YEAH over things like this .



> Tom's Hardware DE. A comparison between the current top-of-the-line AMD Phenom II X4 940 and the Intel Core i7 shows the Intel processor coming out about 22% faster. On the other hand, in comparison with the Intel Core 2 Quad Q6600, the same Phenom II CPU finishes about 10% ahead.


And this .


> X-Bit Labs .However, all the changes in the AMD quad-core processor lineup seem significant enough only when compared against the previous generation Phenom X4, and not against their competitors.

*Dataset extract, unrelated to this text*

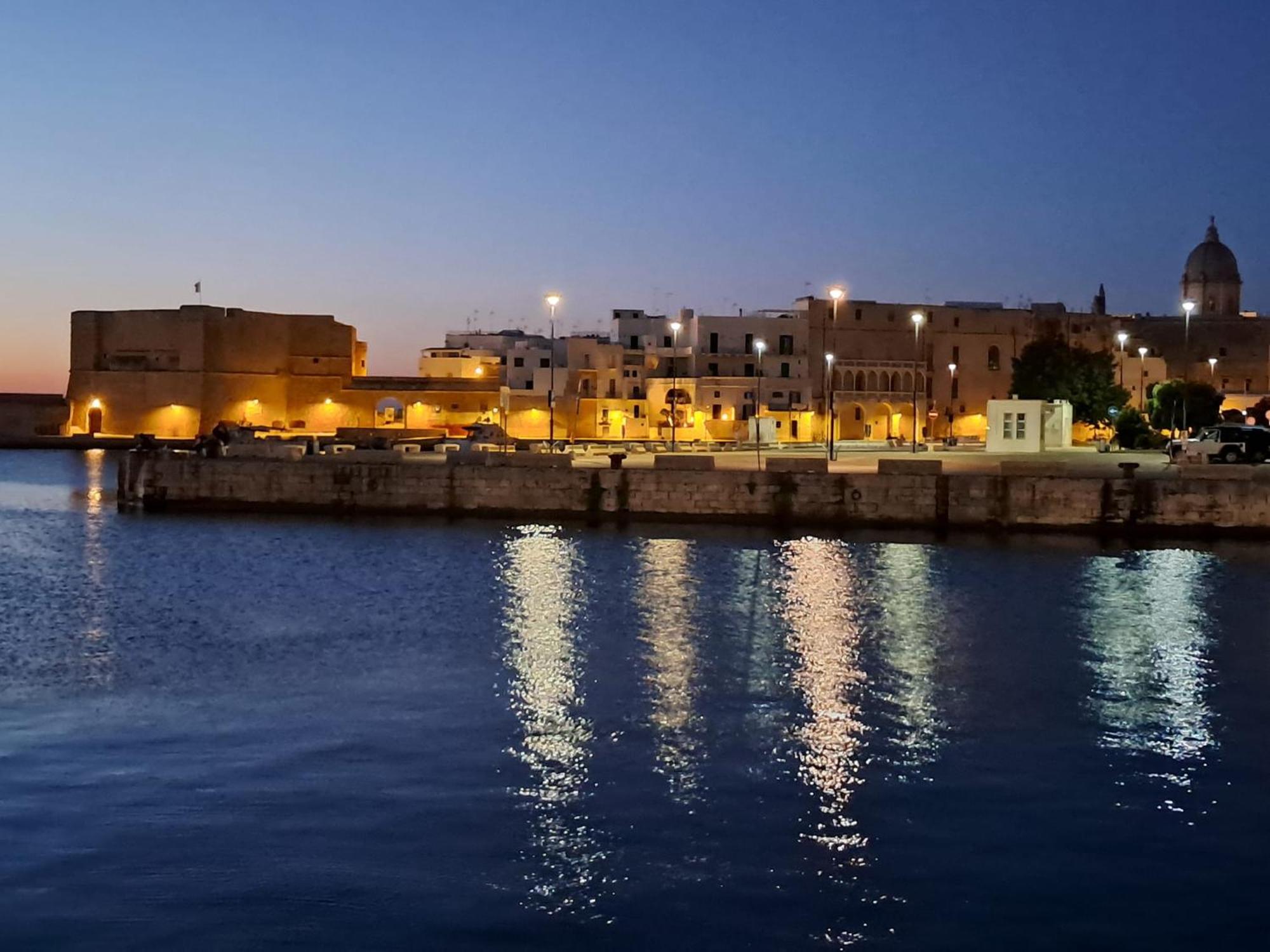 Fd Apartments - Zoe Prestigioso Appartamento Vicino Alla Stazione E Al Centro Monopoli Kültér fotó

It took AMD way too long to switch to 45nm manufacturing technology and launch their Phenom II X4. They missed the window of opportunity and the launch of Phenom II X4 doesn't have the desired effect on the market. The new Phenom II X4 doesn’t look too impressive against the background of contemporary Core 2 Quad and especially Core i7 CPUs. The results of our tests show that the top Phenom II X4 processors can only be worthy rivals to the Core 2 Quad CPUs from the “junior” Q8000 series. Unfortunately, Phenom II X4 cannot yet do better than that.



There are many more out there as well . I am done you are right ..


----------



## chris89 (Jan 11, 2009)

Arn't lot of the tests against the C2D they are equiped with DDR3? so not a fair test...

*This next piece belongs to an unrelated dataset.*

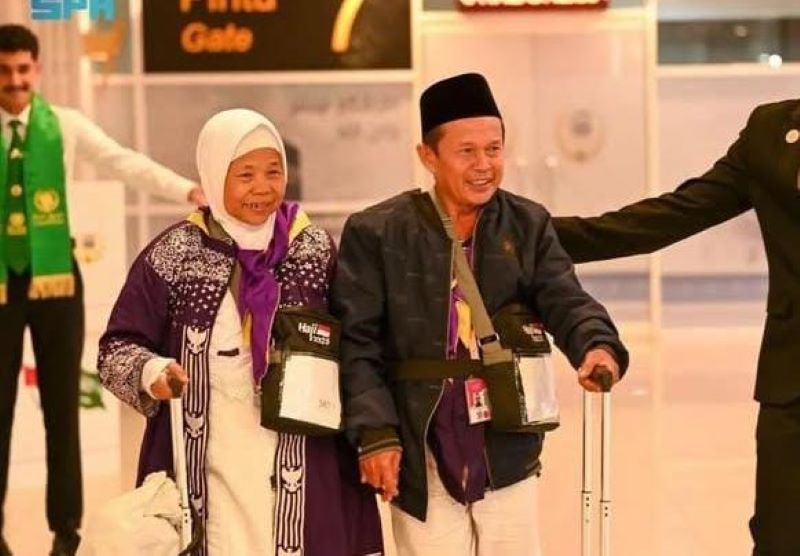 Legiman dan istrinya.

And against the I7 AMD will win as the phenom II is massivly cheaper.


----------



## Chicken Patty (Jan 11, 2009)

chris89 said:


> Arn't lot of the tests against the C2D they are equiped with DDR3? so not a fair test...
> 
> And against the I7 AMD will win as the phenom II is massivly cheaper.



would you mind explaining how much cheaper the Phenom II is over the i7?  Seriously, I don't mean to start anything with this, I'm just curious as to why people think this way.  Thanks in advance.


----------



## Darren (Jan 11, 2009)

Chicken Patty said:


> would you mind explaining how much cheaper the Phenom II is over the i7?  Seriously, I don't mean to start anything with this, I'm just curious as to why people think this way.  Thanks in advance.



AMD Build

Samsung 1TB Harddrive £73.56
Asus 4850 £118.06
ASUS M2N68 nForce 630a Socket AM2+ £51.20
Phenom 940 II x4 £237.03
Corsair 4GB (2x2GB) DDR2 1066MHz £91.23

Total £571.08 inc vat

Intel Build

Samsung 1TB Harddrive £73.56
Asus 4850 £118.06
Gigabyte GA-EX58-DS4 iX58 Socket 1366 (cheapest mobo I can find) £197.02
Intel 940 £474.69 (cheapest i7 I could find)
Corsair 4GB (2x2GB) DDR3 1333MHz (cheapest DDR3 I can find) £102.26

Total £965.59 inc vat

The Phenom II build is 394.51 cheaper than the i7 build

All components from: Ebuyer.com




Edit:



Chicken Patty said:


> Bro that i7 build totals 790 to me.  Plus, that cheap intel board is way better than that $50 dollar board, get a good AMD board and its the same price, except for a few bucks more of RAM.



Depends where you live. In the UK our components cost more than the Americans  :s


----------



## Chicken Patty (Jan 11, 2009)

Darren said:


> AMD Build
> 
> Samsung 1TB Harddrive £73.56
> Asus 4850 £118.06
> ...





Bro that i7 build totals 790 to me.  Plus, that cheap intel board is way better than that $50 dollar board, get a good AMD board and its the same price, except for a few bucks more of RAM.


----------



## ShadowFold (Jan 11, 2009)

Chicken Patty said:


> would you mind explaining how much cheaper the Phenom II is over the i7?  Seriously, I don't mean to start anything with this, I'm just curious as to why people think this way.  Thanks in advance.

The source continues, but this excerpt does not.